Sooner or later, the Big Day comes around. For Mercedes Gleitze and Hans Wilsdorf, it came in 1927. Mercedes Gleitze was a stenographer, Hans Wilsdorf the boss of Rolex. The young woman dreamed of swimming the Channel, the watchmaker wanted to convince the public that his Oyster was fully watertight. Both did what they set out to do: an extraordinary personal achievement and the birth of one of the most famous watches ever.
In a world that has made space its playground, it’s easy to forget that the twentieth century put its stamp on history with all manner of records, exploits and discoveries that we now take for granted. The advent of aviation and the automobile, the first steps on the Moon, polar exploration… the twentieth century is the symbol of technical progress and the desire to excel. It also reminds us how brands have helped forge the history of time measurement, which dovetails with the history of science. This thirst for knowledge and progress has inspired some of the greatest discoveries, while the timepieces made to resist these extreme conditions delivered quality, reliability and absolute precision.

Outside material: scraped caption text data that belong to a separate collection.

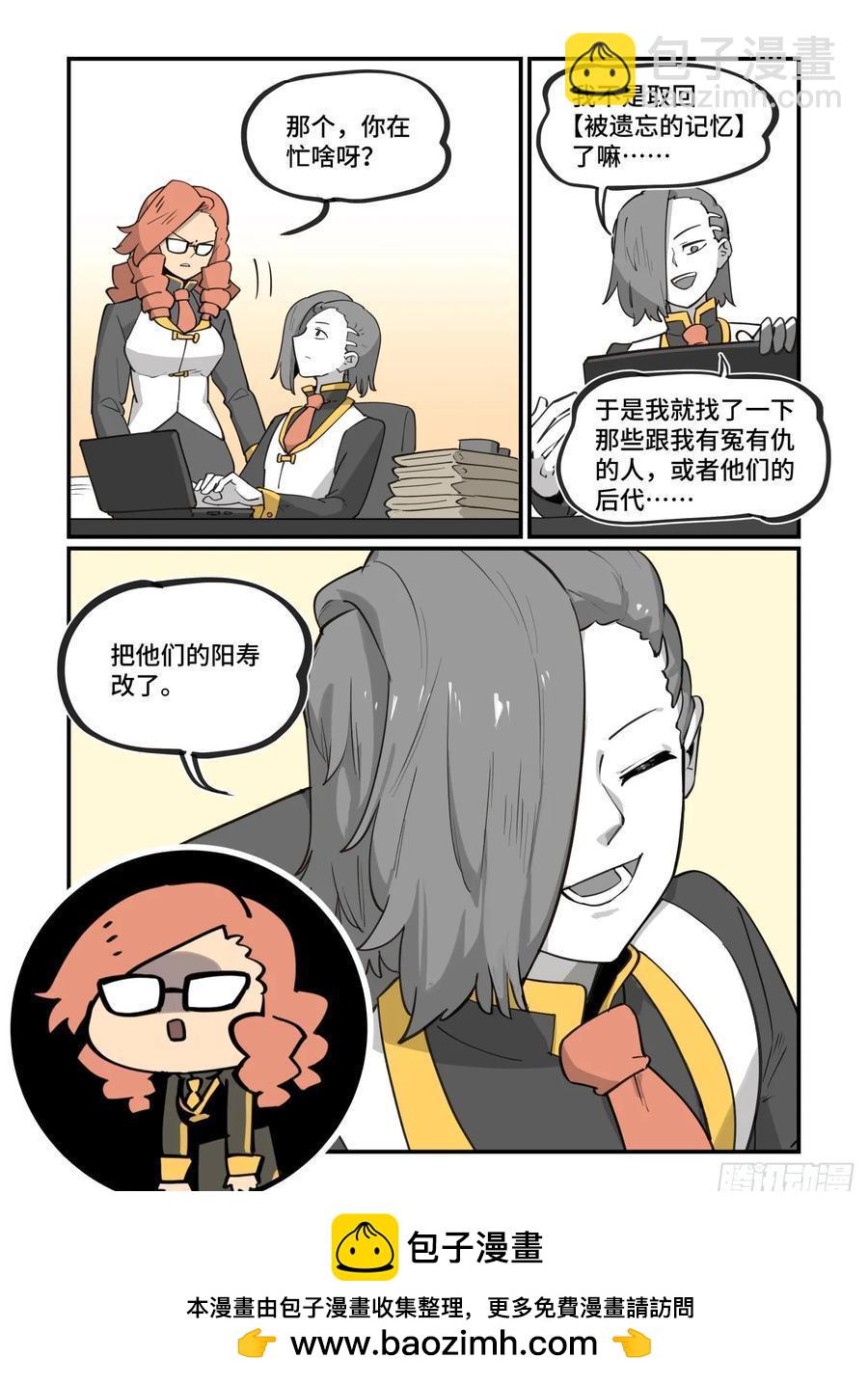 🍟万事万灵 大寒之章39（上） 第16页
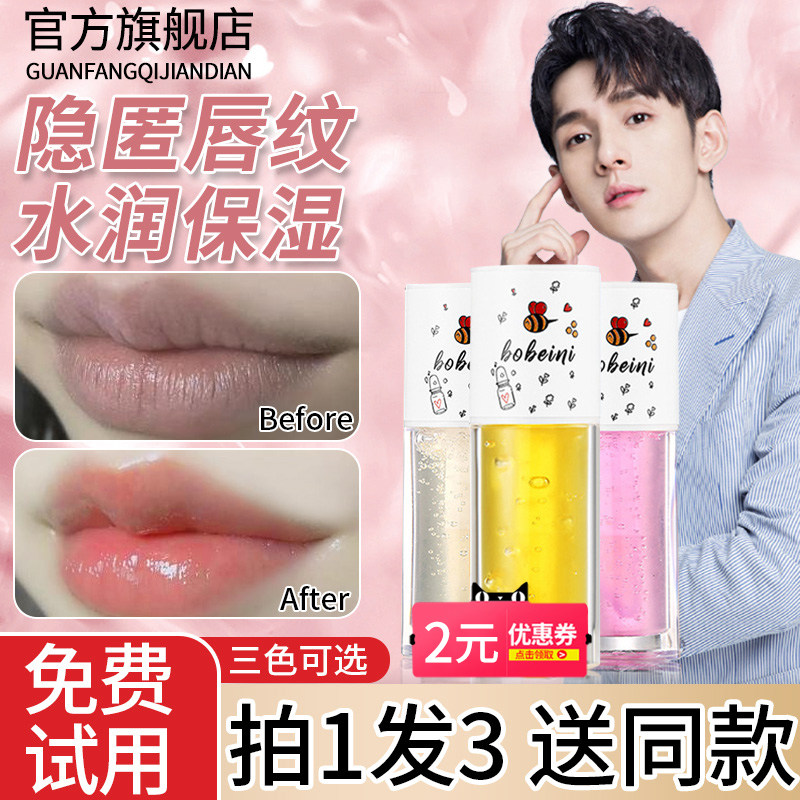 蜂蜜护唇油去死皮淡化唇纹润唇膏女保湿滋润秋冬防干裂补水唇膜男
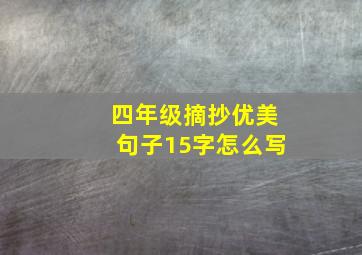 四年级摘抄优美句子15字怎么写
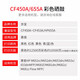 京呈CF450A硒鼓适用惠普655A M632;M652n/dn;M653x/dh;M681z打印机 【10500页】CF453A 大容量红色硒鼓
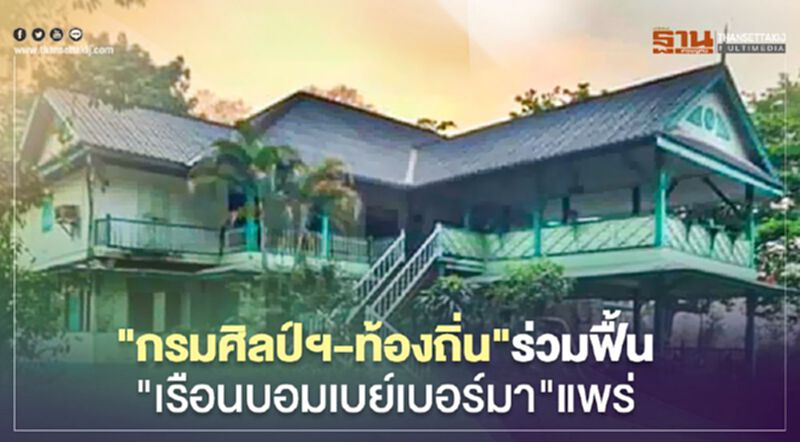 "กรมศิลป์ฯ-ท้องถิ่น"ร่วมฟื้น"เรือนบอมเบย์เบอร์มา"แพร่ "กรมศิลป์ฯ-ท้องถิ่น"ร่วมฟื้น"เรือนบอมเบย์เบอร์มา"แพร่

For example, on July 20th 1969 at 20:17 UTC, Neil Armstrong became the first human to set foot on the Moon, but left his watch in the spacecraft after an onboard computer crashed. He was followed by pilot Buzz Aldrin, who thus became the second person to walk on the lunar surface and the first to wear the Omega Speedmaster chronograph. A “claim to fame” that has put the Moonwatch, as it became known, onto thousands of watch fans’ radar.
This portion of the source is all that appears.